Foi a centelha que acendeu a atmosfera desdobrando-se em atos de violência em vários setores de Santiago, a moderna capital chilena, mas também uma das cidades socialmente mais segregadas e com maiores desigualdades da América Latina.
O primeiro dia de protestos deixou 14 estações do metrô destruídas, além de 10 edifícios, locais comerciais e estruturas públicas dadas às chamas e este domingo (20/10), várias pessoas mortas nos incêndios deflagrados em diferentes setores, fruto de grupos que com atos vandálicos, reivindicando a luta pela justiça, destruíram sobretudo infraestruturas úteis para os menos favorecidos.
Estado de emergência
A reação do governo foi tardia e ao tempo em que as desordens aumentavam nas ruas principais, nas redes sociais as críticas à liderança política se agravaram contra o poder executivo e contra o Congresso Nacional. Desse modo, em poucas horas os atos de violência se multiplicaram em várias cidades do Chile, junto a centenas de mobilizações sociais espontâneas em vários bairros.

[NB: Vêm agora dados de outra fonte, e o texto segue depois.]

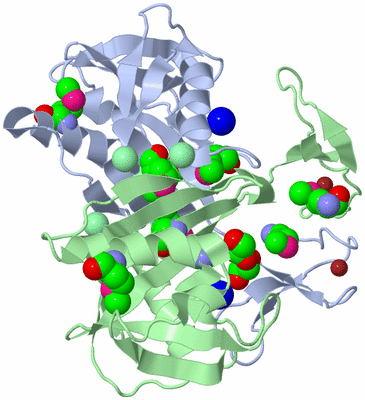 Image Biological Unit 1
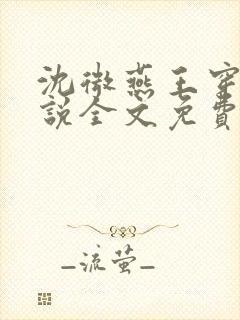 沈微燕王穿越小说全文免费阅读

Através de manifestações pacíficas chamadas “cacerolazos” (panelaços), tornou-se evidente que, sem justificar a violência, a sociedade chilena está cansada com a iniquidade que impediu que o renomado desenvolvimento econômico do país melhore as condições de vida para os cidadãos. Sobretudo para aqueles que vivem nas periferias territoriais e existenciais.

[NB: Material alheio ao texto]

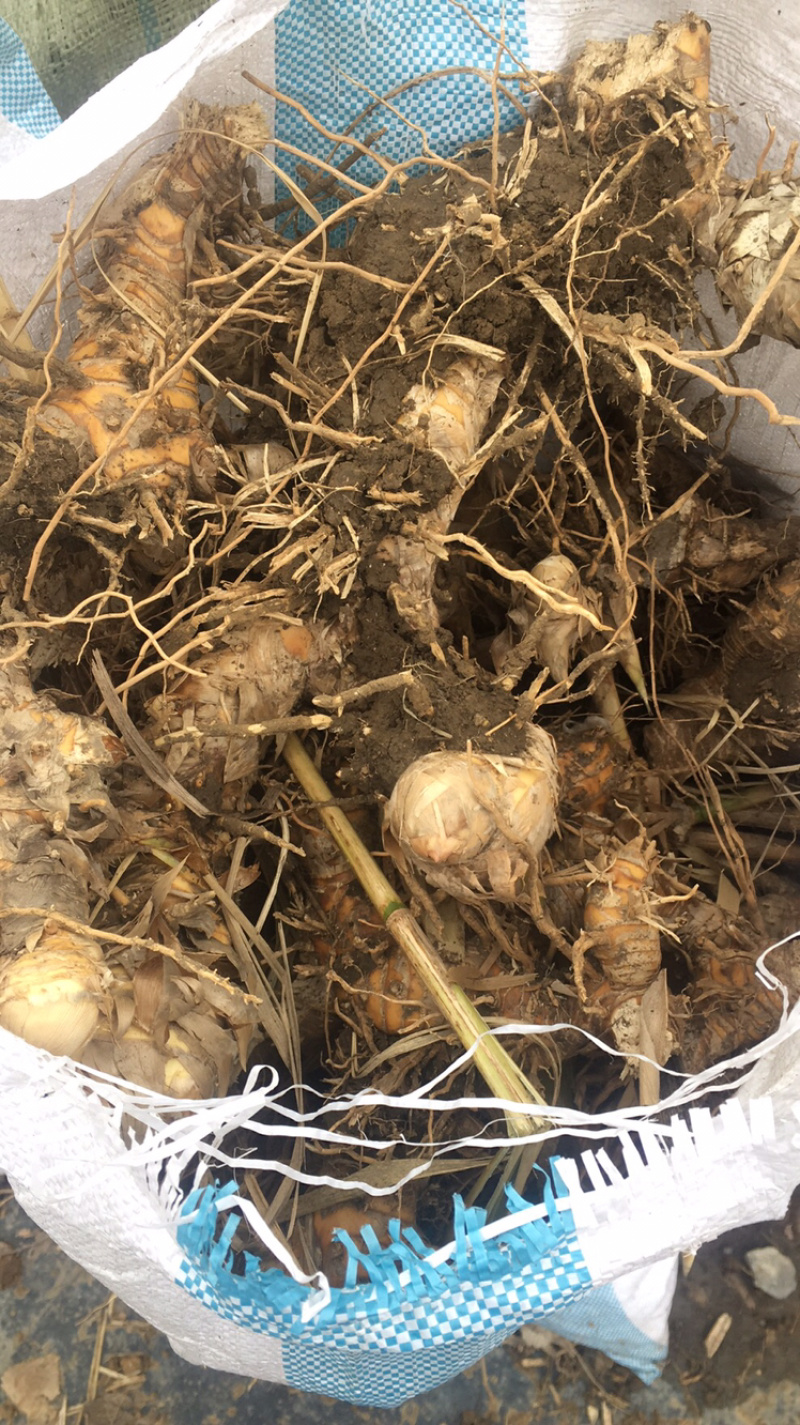 绿洲一号菌草芦竹，耐寒耐旱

Para restabelecer a segurança e a ordem social, o presidente da nação, Sebastián Piñera, decretou sexta-feira passada estado de emergência em algumas cidades. E embora a medida tenha sido aplaudida por aqueles que pedem mão dura contra a delinquência das últimas horas, contra os incontroláveis saqueios de supermercados, bancos e depredações públicas, para outros esta decisão foi como tentar apagar o fogo com gasolina. Sobretudo porque a sociedade chilena ainda não se recuperou dos duros anos de repressão durante a ditadura que durou de 1973 a 1990.
A voz dos bispos
Nas horas precedentes ao primeiro toque de recolher decretado pelo governo, que limitou a circulação pública no sábado à noite, os bispos chilenos publicaram uma declaração. Nela, descreveram os eventos recentes como dolorosos e traumáticos e reconheceram que estes “fazem parte de um processo que estamos atravessando há décadas e que tem consequências profundamente humanas que não podemos ignorar”.
Por esse motivo, além de condenar veementemente a violência, lançaram um apelo a unir a vontade das autoridades e dos líderes sociais para compreender o cenário complexo e buscar soluções.
Todavia, ressaltaram que isso deve se verificar com a participação da maioria dos cidadãos. Os pastores da Igreja católica no Chile, falando também em primeira pessoa, afirmaram que aqueles que exercem a liderança no país devem “compreender o profundo mal-estar das pessoas e das famílias, atingidas por medidas iníquas e decisões arbitrárias que dizem respeito à vida delas de cada dia e por práticas diárias que consideram abusivas, porque atingem sobretudo os grupos mais vulneráveis”.
A violência mata a paz”
Horas antes, o administrador apostólico de Santiago, Dom Celestino Aós, ofmCap, transmitira um vídeo nas redes sociais no qual afirmava que “a paz do Chile é tarefa e responsabilidade de cada um de nós. Uma paz baseada na verdade, respeito e justiça. A violência enfraquece e mata a paz. Por esse motivo sentimo-nos entristecidos, feridos, quando vemos os efeitos da violência destes dias”.
A última ação tomada pelo governo foi voltar atrás na readequação do preço da passagem do metrô. Enquanto isso, as aulas nas escolas e nas universidades estão suspensas, os serviços de transporte funcionam precariamente e o toque de recolher está se difundindo em outras cidades, segundo um modelo de presença militar e de polícia que com dificuldade desencoraja os propugnadores da violência de seus atos e os cidadãos de suas manifestações pública de dissenso.